Après une éclipse de plus d’un siècle, le débat sur le bien-fondé de la transmission héréditaire renaît donc peu à peu de ses cendres. La ferveur et la radicalité des controverses du XIXe siècle ne sont plus à l’ordre du jour – nul ne propose plus l’abolition pure et simple de ce privilège de naissance –, mais l’héritage est à nouveau questionné, notamment par les économistes. Certains proposent d’instituer un « héritage pour tous » – une dotation de plusieurs dizaines de milliers d’euros versée à tous les jeunes adultes –, d’autres de renforcer fortement la taxation, d’autres, enfin, de plafonner le nombre d’héritages reçus au cours de la vie.
Si le débat contemporain sur l’héritage revêt le plus souvent des allures techniques, il renvoie aussi, comme au XIXe siècle, à des convictions philosophiques. « Les défenseurs de l’héritage puisent à plusieurs sources morales pour étayer leur position, souligne le philosophe Patrick Savidan. Pour eux, la transmission est une conduite vertueuse parce qu’elle construit une continuité entre les générations et qu’elle entend sécuriser le destin des proches. La taxation leur paraît en outre une atteinte à la liberté de choix du donateur : en rendant la transmission plus coûteuse que la consommation, elle contrevient, pour les libéraux les plus radicaux comme Milton Friedman, à un idéal moral. »
Leurs adversaires, eux aussi, inscrivent, leur réflexion dans une perspective philosophique. « Parce que les revenus issus des transmissions successorales sont, dans une société fondée depuis la fin du XVIIIe siècle sur le mérite, moins légitimes que les revenus issus du travail, ils doivent, à leurs yeux, être plus fortement taxés, poursuit Patrick Savidan. L’héritage pour tous relève également d’une conviction morale : en socialisant les droits de succession, ce mécanisme indexerait la transmission non plus sur des solidarités familiales (mes enfants), mais sur des solidarités impersonnelles et universelles (mes concitoyens). »
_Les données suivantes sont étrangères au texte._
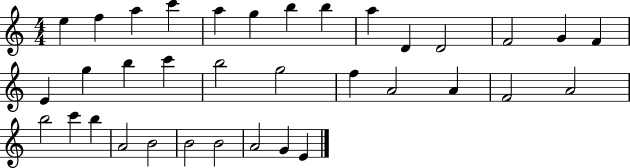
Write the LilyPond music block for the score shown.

{
  \clef treble
  \numericTimeSignature
  \time 4/4
  \key c \major
  e''4 f''4 a''4 c'''4 | a''4 g''4 b''4 b''4 | a''4 d'4 d'2 | f'2 g'4 f'4 | \break e'4 g''4 b''4 c'''4 | b''2 g''2 | f''4 a'2 a'4 | f'2 a'2 | \break b''2 c'''4 b''4 | a'2 b'2 | b'2 b'2 | a'2 g'4 e'4 | \break \bar "|."
} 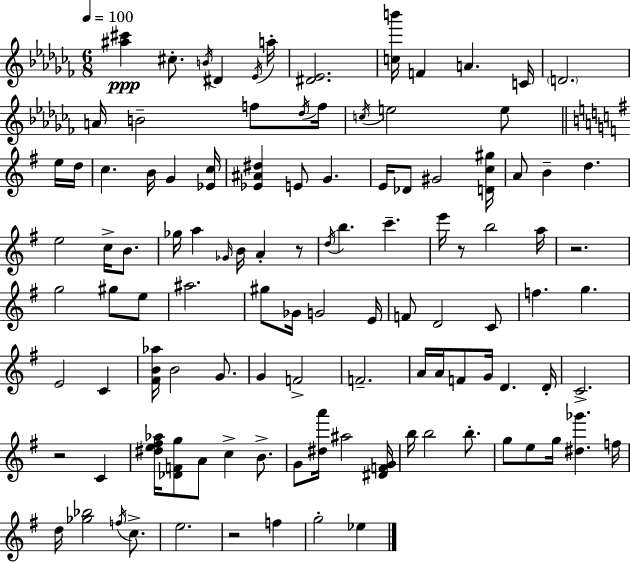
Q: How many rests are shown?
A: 5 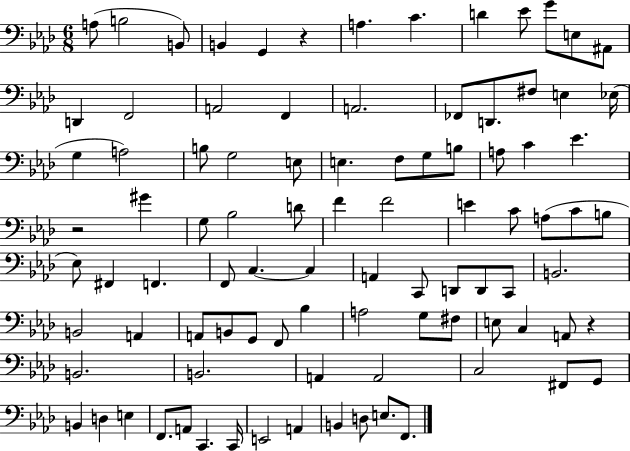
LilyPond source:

{
  \clef bass
  \numericTimeSignature
  \time 6/8
  \key aes \major
  \repeat volta 2 { a8( b2 b,8) | b,4 g,4 r4 | a4. c'4. | d'4 ees'8 g'8 e8 ais,8 | \break d,4 f,2 | a,2 f,4 | a,2. | fes,8 d,8. fis8 e4 ees16( | \break g4 a2) | b8 g2 e8 | e4. f8 g8 b8 | a8 c'4 ees'4. | \break r2 gis'4 | g8 bes2 d'8 | f'4 f'2 | e'4 c'8 a8( c'8 b8 | \break ees8) fis,4 f,4. | f,8 c4.~~ c4 | a,4 c,8 d,8 d,8 c,8 | b,2. | \break b,2 a,4 | a,8 b,8 g,8 f,8 bes4 | a2 g8 fis8 | e8 c4 a,8 r4 | \break b,2. | b,2. | a,4 a,2 | c2 fis,8 g,8 | \break b,4 d4 e4 | f,8. a,8 c,4. c,16 | e,2 a,4 | b,4 d8 e8. f,8. | \break } \bar "|."
} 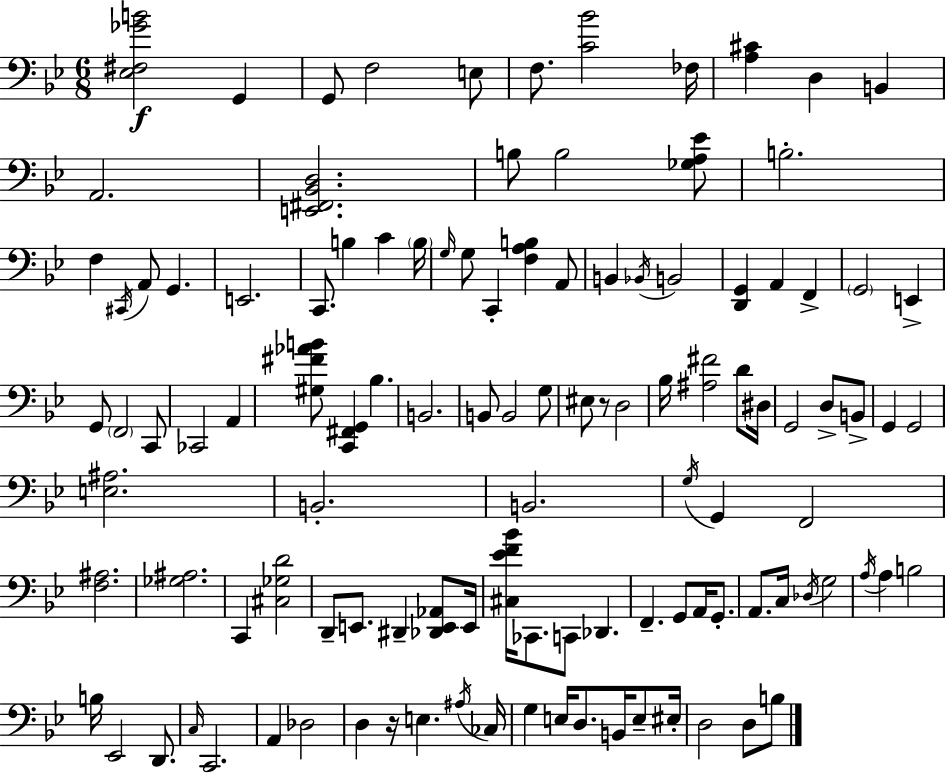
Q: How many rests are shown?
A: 2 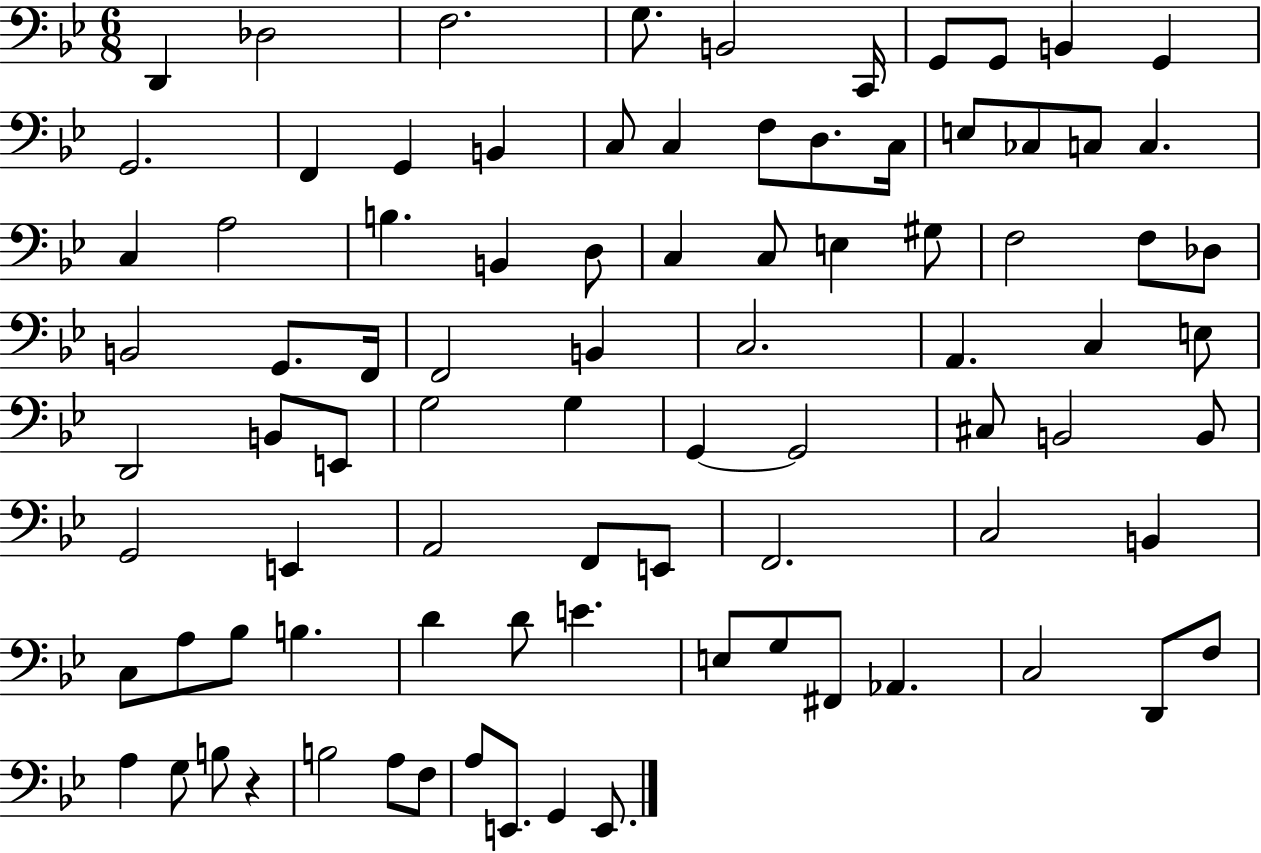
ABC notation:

X:1
T:Untitled
M:6/8
L:1/4
K:Bb
D,, _D,2 F,2 G,/2 B,,2 C,,/4 G,,/2 G,,/2 B,, G,, G,,2 F,, G,, B,, C,/2 C, F,/2 D,/2 C,/4 E,/2 _C,/2 C,/2 C, C, A,2 B, B,, D,/2 C, C,/2 E, ^G,/2 F,2 F,/2 _D,/2 B,,2 G,,/2 F,,/4 F,,2 B,, C,2 A,, C, E,/2 D,,2 B,,/2 E,,/2 G,2 G, G,, G,,2 ^C,/2 B,,2 B,,/2 G,,2 E,, A,,2 F,,/2 E,,/2 F,,2 C,2 B,, C,/2 A,/2 _B,/2 B, D D/2 E E,/2 G,/2 ^F,,/2 _A,, C,2 D,,/2 F,/2 A, G,/2 B,/2 z B,2 A,/2 F,/2 A,/2 E,,/2 G,, E,,/2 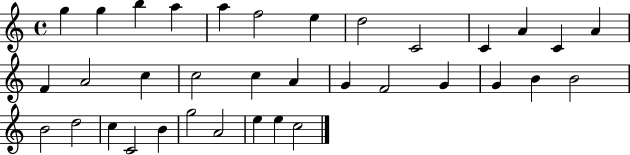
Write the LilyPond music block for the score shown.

{
  \clef treble
  \time 4/4
  \defaultTimeSignature
  \key c \major
  g''4 g''4 b''4 a''4 | a''4 f''2 e''4 | d''2 c'2 | c'4 a'4 c'4 a'4 | \break f'4 a'2 c''4 | c''2 c''4 a'4 | g'4 f'2 g'4 | g'4 b'4 b'2 | \break b'2 d''2 | c''4 c'2 b'4 | g''2 a'2 | e''4 e''4 c''2 | \break \bar "|."
} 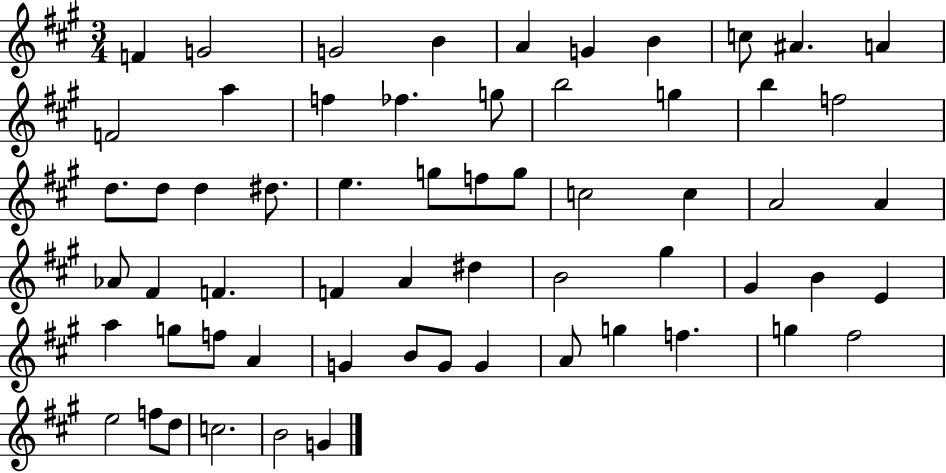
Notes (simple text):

F4/q G4/h G4/h B4/q A4/q G4/q B4/q C5/e A#4/q. A4/q F4/h A5/q F5/q FES5/q. G5/e B5/h G5/q B5/q F5/h D5/e. D5/e D5/q D#5/e. E5/q. G5/e F5/e G5/e C5/h C5/q A4/h A4/q Ab4/e F#4/q F4/q. F4/q A4/q D#5/q B4/h G#5/q G#4/q B4/q E4/q A5/q G5/e F5/e A4/q G4/q B4/e G4/e G4/q A4/e G5/q F5/q. G5/q F#5/h E5/h F5/e D5/e C5/h. B4/h G4/q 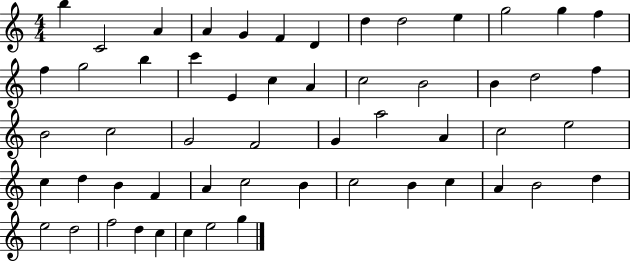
{
  \clef treble
  \numericTimeSignature
  \time 4/4
  \key c \major
  b''4 c'2 a'4 | a'4 g'4 f'4 d'4 | d''4 d''2 e''4 | g''2 g''4 f''4 | \break f''4 g''2 b''4 | c'''4 e'4 c''4 a'4 | c''2 b'2 | b'4 d''2 f''4 | \break b'2 c''2 | g'2 f'2 | g'4 a''2 a'4 | c''2 e''2 | \break c''4 d''4 b'4 f'4 | a'4 c''2 b'4 | c''2 b'4 c''4 | a'4 b'2 d''4 | \break e''2 d''2 | f''2 d''4 c''4 | c''4 e''2 g''4 | \bar "|."
} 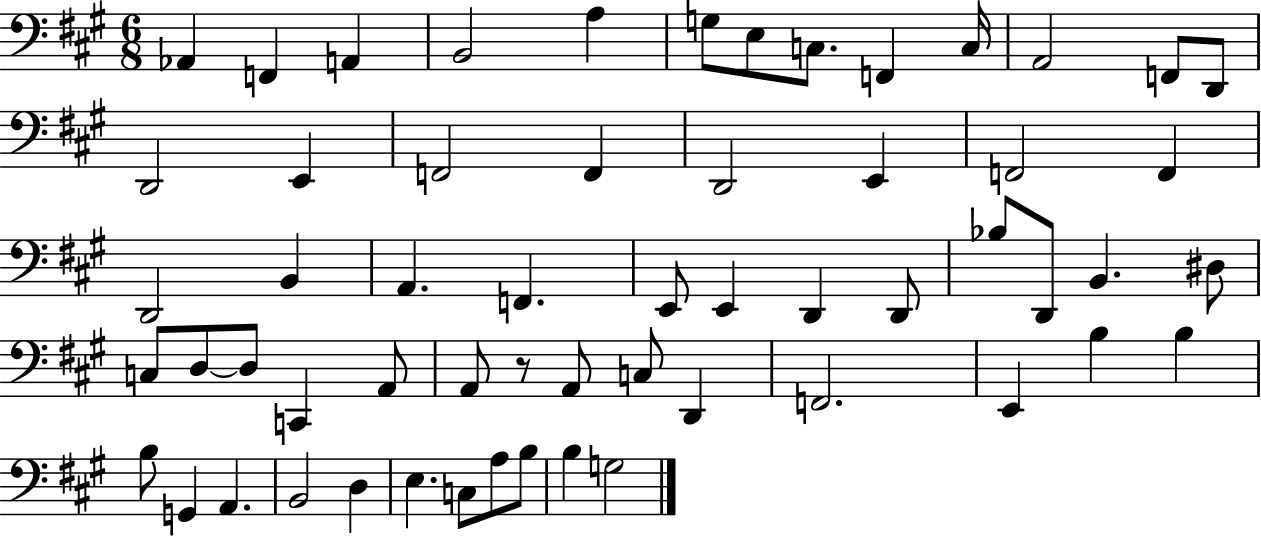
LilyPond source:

{
  \clef bass
  \numericTimeSignature
  \time 6/8
  \key a \major
  aes,4 f,4 a,4 | b,2 a4 | g8 e8 c8. f,4 c16 | a,2 f,8 d,8 | \break d,2 e,4 | f,2 f,4 | d,2 e,4 | f,2 f,4 | \break d,2 b,4 | a,4. f,4. | e,8 e,4 d,4 d,8 | bes8 d,8 b,4. dis8 | \break c8 d8~~ d8 c,4 a,8 | a,8 r8 a,8 c8 d,4 | f,2. | e,4 b4 b4 | \break b8 g,4 a,4. | b,2 d4 | e4. c8 a8 b8 | b4 g2 | \break \bar "|."
} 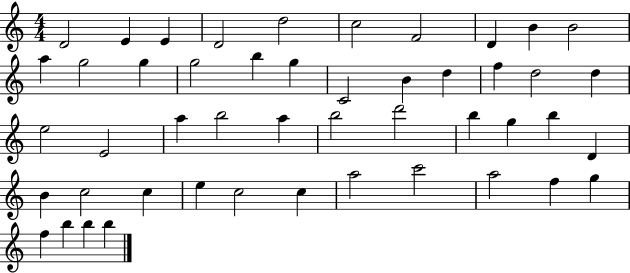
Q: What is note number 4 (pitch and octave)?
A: D4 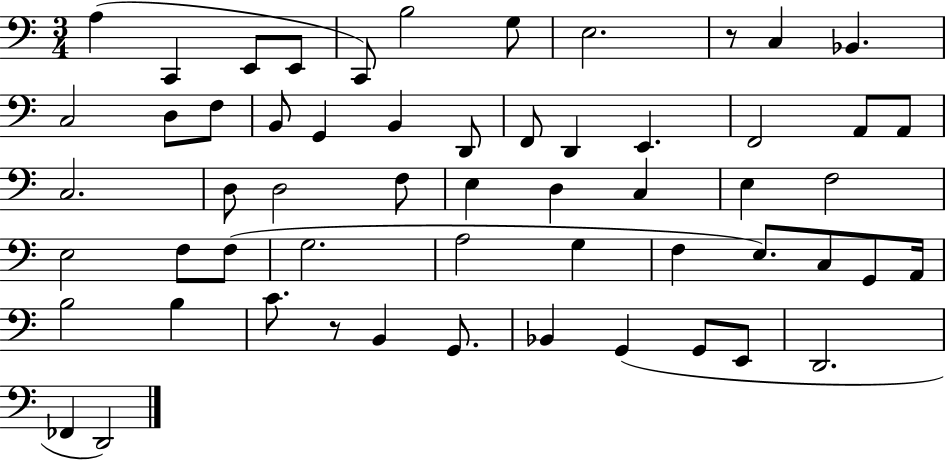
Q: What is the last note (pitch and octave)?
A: D2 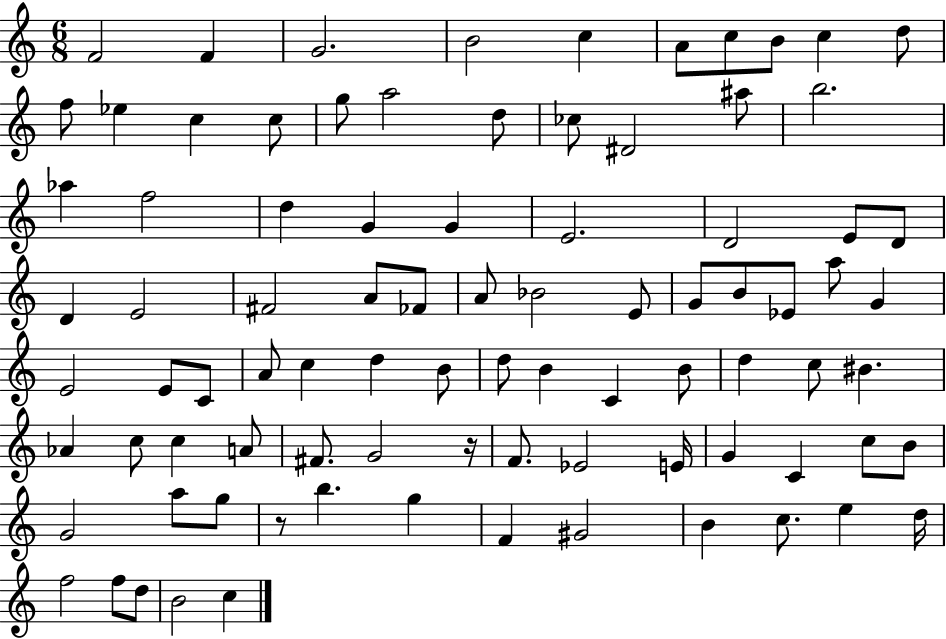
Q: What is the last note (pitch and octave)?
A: C5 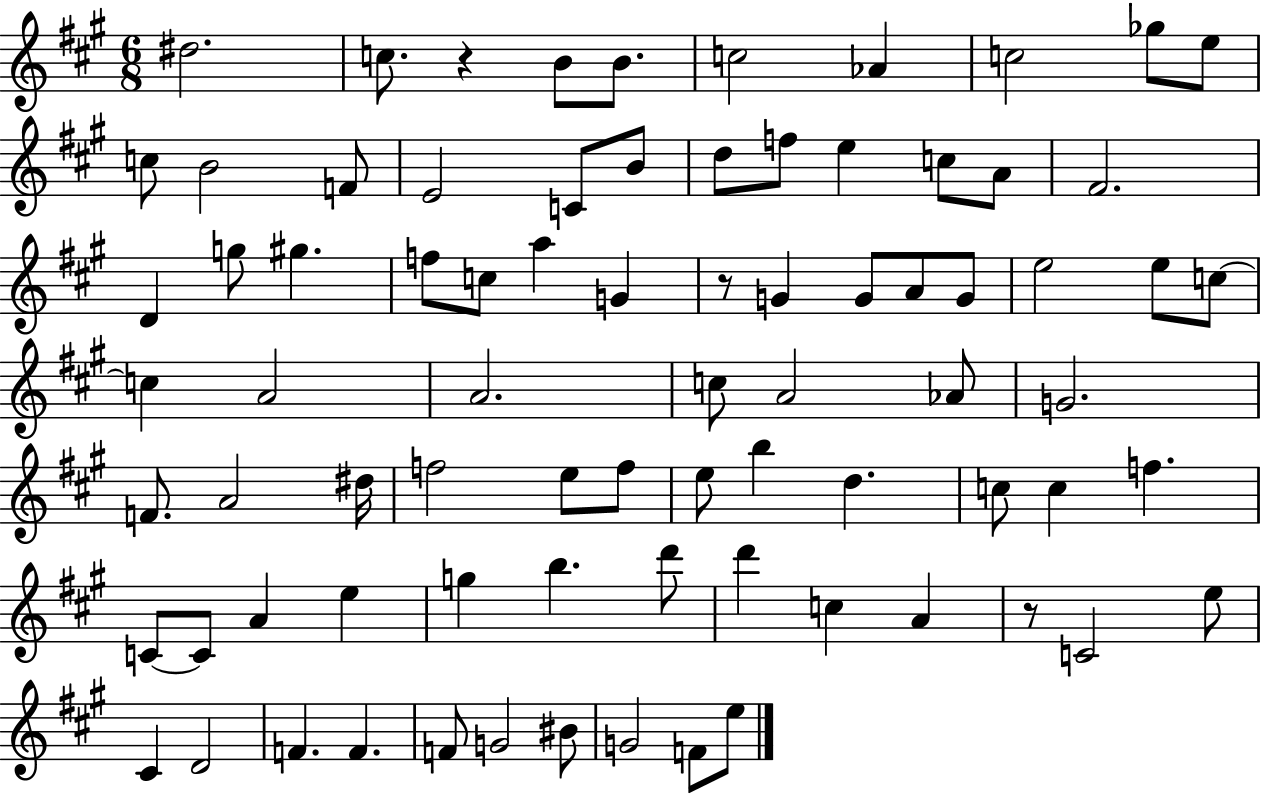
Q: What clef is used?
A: treble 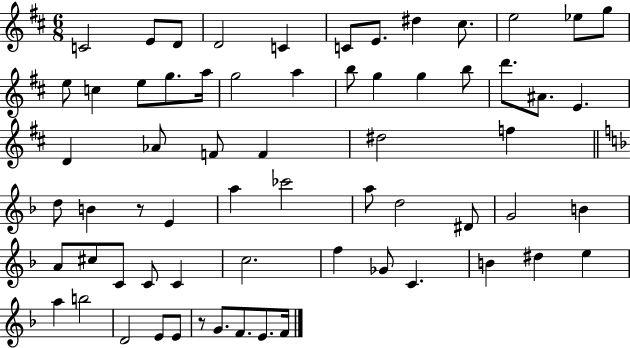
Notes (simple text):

C4/h E4/e D4/e D4/h C4/q C4/e E4/e. D#5/q C#5/e. E5/h Eb5/e G5/e E5/e C5/q E5/e G5/e. A5/s G5/h A5/q B5/e G5/q G5/q B5/e D6/e. A#4/e. E4/q. D4/q Ab4/e F4/e F4/q D#5/h F5/q D5/e B4/q R/e E4/q A5/q CES6/h A5/e D5/h D#4/e G4/h B4/q A4/e C#5/e C4/e C4/e C4/q C5/h. F5/q Gb4/e C4/q. B4/q D#5/q E5/q A5/q B5/h D4/h E4/e E4/e R/e G4/e. F4/e. E4/e. F4/s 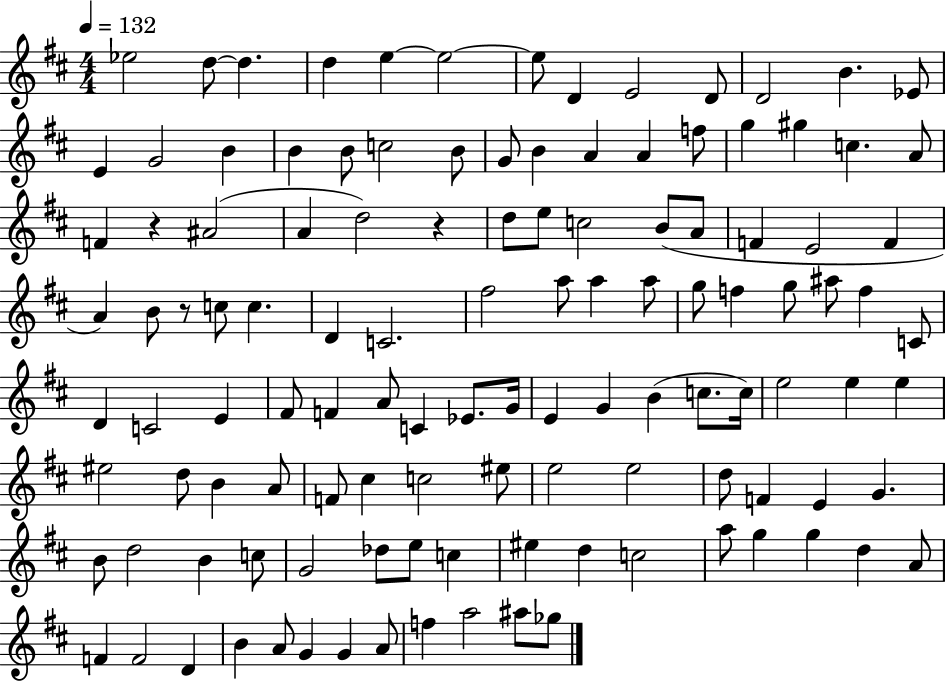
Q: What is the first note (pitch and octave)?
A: Eb5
Pour Mélanie Plouviez, le débat contemporain manque cependant d’imagination. « Notre époque est marquée par un retour de l’héritage dans l’ordre économique, mais pas d’un retour de la pensée de l’héritage dans l’ordre intellectuel, affirme-t-elle. A l’exception de quelques libertariens de droite ou de gauche, cette institution est aujourd’hui très peu questionnée en philosophie, même au sein des théories de la justice, cette partie de la philosophie sociale et politique qui, dans le sillage de John Rawls, se saisit de la ligne de partage entre inégalités sociales justes et injustes. » Pour contribuer à combler ce manque, Mélanie Plouviez a lancé un projet de recherche interdisciplinaire qui se propose d’explorer les écrits du XIXe siècle, dans l’espoir, dit-elle, de « fertiliser notre imaginaire ».